Qualifying was rained out, and NASCAR lined up the field by owner points. Because of the new team, Grala started 38th.

“Our first laps in the pack, actually feeling the handling of the car, was in the race,” Grala said.

Grala said despite that, the team finally had the car adjusted the way he wanted it by the last half of the race—and he was fine with taking his time to get there.

“These races are easy to go from the back to the front, but really dangerous,” Grala said. “That’s how you often find yourself caught up in the carnage. So, we had to be smart with our strategy to put ourselves into a position where we could miss it.”

By the end, Grala had made it to the front without incident. He was in eighth, and coming to a restart from caution with with seven laps to go. That was the point when he thought to himself, “Alright, we’ve done what we needed to do, we’re in position, we’ve got a shot, so let’s see what we can do with it,” he said.

The feeling didn’t last long.

“Coming to the green for that restart, I felt like I had a right-rear tire going down,” Grala said. He asked another driver next to him to pull up and see if the tire was going down, and the driver said it was. Grala went down pit road for four tires as the rest of the field took the green flag.

Grala left pit road by himself, out of the pack and the draft, which can up car speeds by several miles per hour. (The pole-winning speed for the Talladega Xfinity Series race during single-car qualifying this year was 189.4 mph, while top speeds during the race were around 193 mph.)

Grala was about to go a lap down when another caution came out, sending the race into what NASCAR now calls “overtime”—a two-lap attempt at the finish.
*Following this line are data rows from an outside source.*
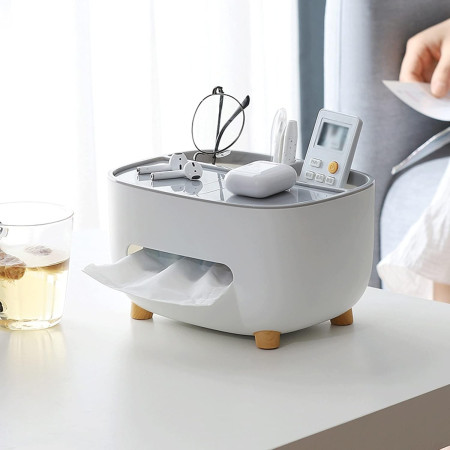 Suport pentru Servetele,  Cutie Multifunctionala, Design Minimalist, ABS, cu Suport pentru Obiectele Personale, pentru Birou, 21x12x12 cm, Gri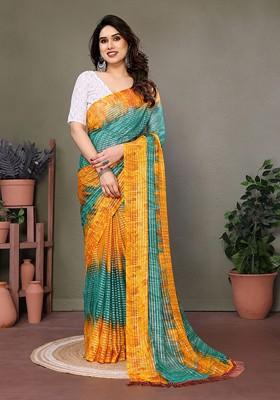Sea Green Striped Georgette Saree Set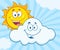 Happy Summer Sun And Smiling Cloud Mascot Cartoon Characters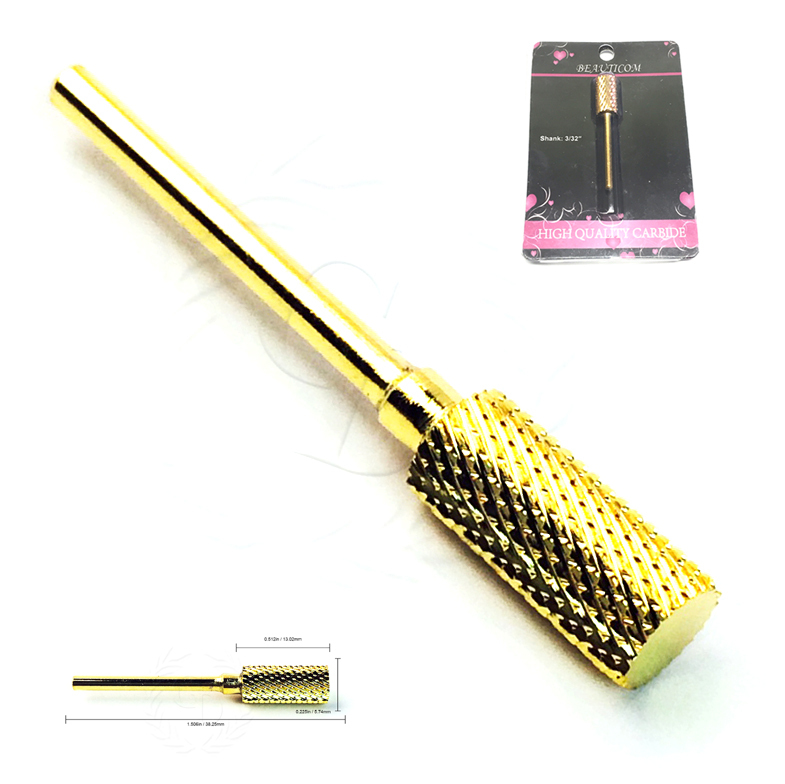 High Quality Premium Gold Nail Carbide Bit For 3/32 Electric Drill Nail File Art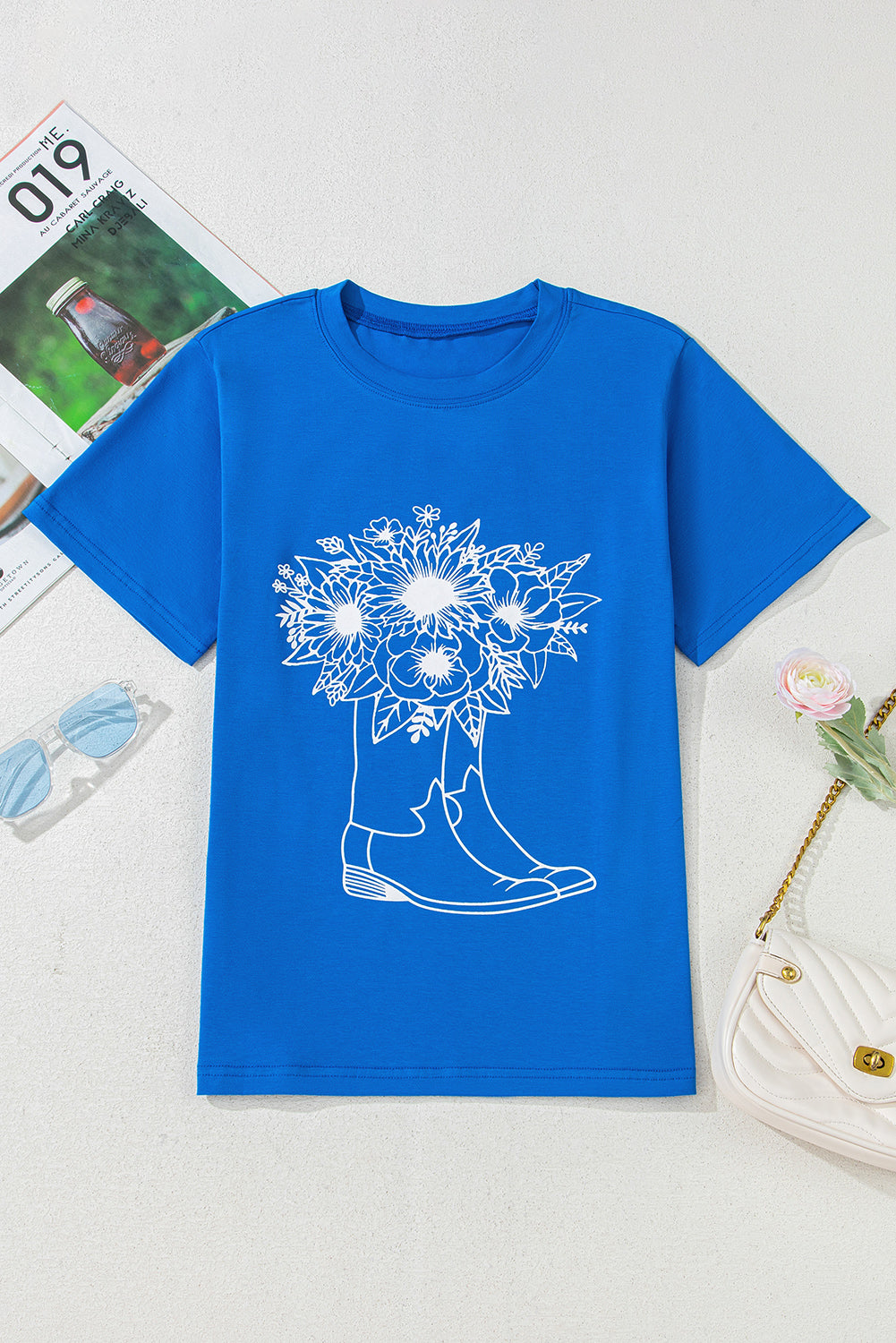 Blue Sunflower Boots Graphic Western Fashion T Shirt for Women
“I was running 24th at the time [of the caution],” Grala said. “With all of those cars that wrecked, I ended up being able to restart 15th.”

Grala went from 15th to sixth during those two laps, eventually getting bumped to fifth when NASCAR uncharacteristically disqualified the original race winner for dipping out of bounds to make a pass.
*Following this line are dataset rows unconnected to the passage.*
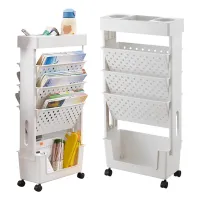Mobiles Bücherregal mit 5 Ebenen und Rädern, rollende Bücherregale, Wagen, Bücher, Dokumentenwagen, Aufbewahrungsorganisation für das Homeoffice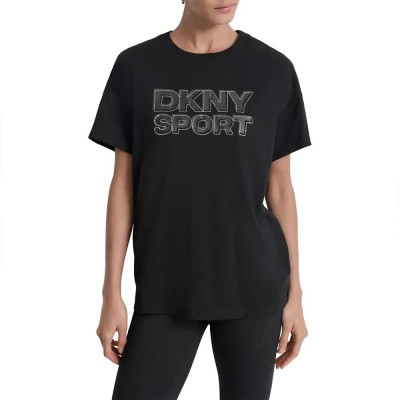 тениска,дамски,тениски,dkny,sport,outline,rhinestone,logo,short,sleeve,t,shirt,black,silver,(black)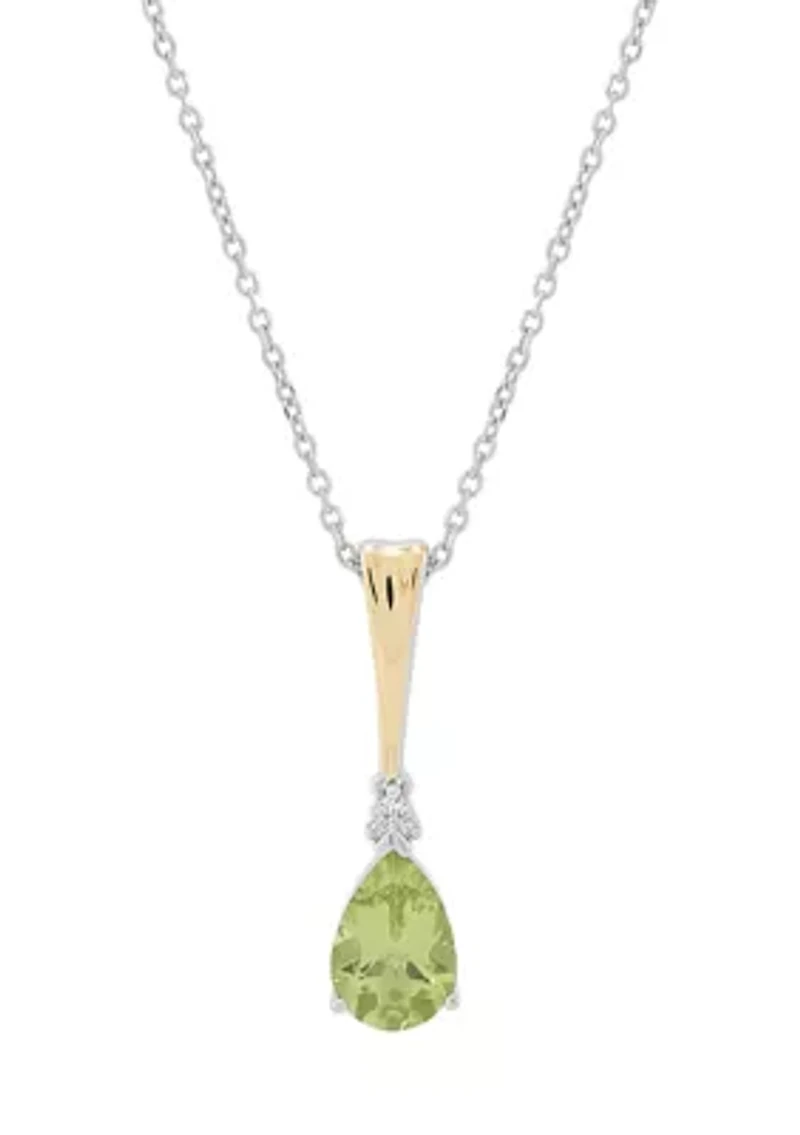 Diamond Accent and Peridot Pendant with 18" Cable Chain  in Sterling Silver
“Considering our flat tire with only seven laps to go, to come back and finish in the top five was nothing short of extraordinary for us,” Grala said. “Everybody was pumped up.

“And, you never know. Had we been able to restart eighth there at the very end, who’s to say? We could have been in that big one, or we could have had a shot at the win. But I guess we’ll never know.”

He, Eury and the rest of the team will also probably never know what happens to that old, discounted show car they raced to a fifth-place finish at Daytona. (Stewart-Haas didn’t get back to Jalopnik when we asked where exactly it would end up, and Eury didn’t ask at all.)

Fury Race Cars didn’t pull a deal together to run the next race at Kentucky, and started peeling the wrap off when the team got back to the shop on Monday.

“By the end of the day, the car was back to bare metal body,” Grala said. “by the next day, Tuesday, I believe, the car was back on its way to Stewart-Haas.

“That was where the story left off for me.”

It left off there for Eury, too. He said the old Mustang that could was “meant to be,” but that he’s not at all sentimental or invested in finding out where it ends up.

“Nah,” Eury said. “It’s just one of those deals. It’s like, that’s what we do. We build cars, we take them, we race them. You always hope the next car you build will be better than [the last] one, so you never get tied to a car.”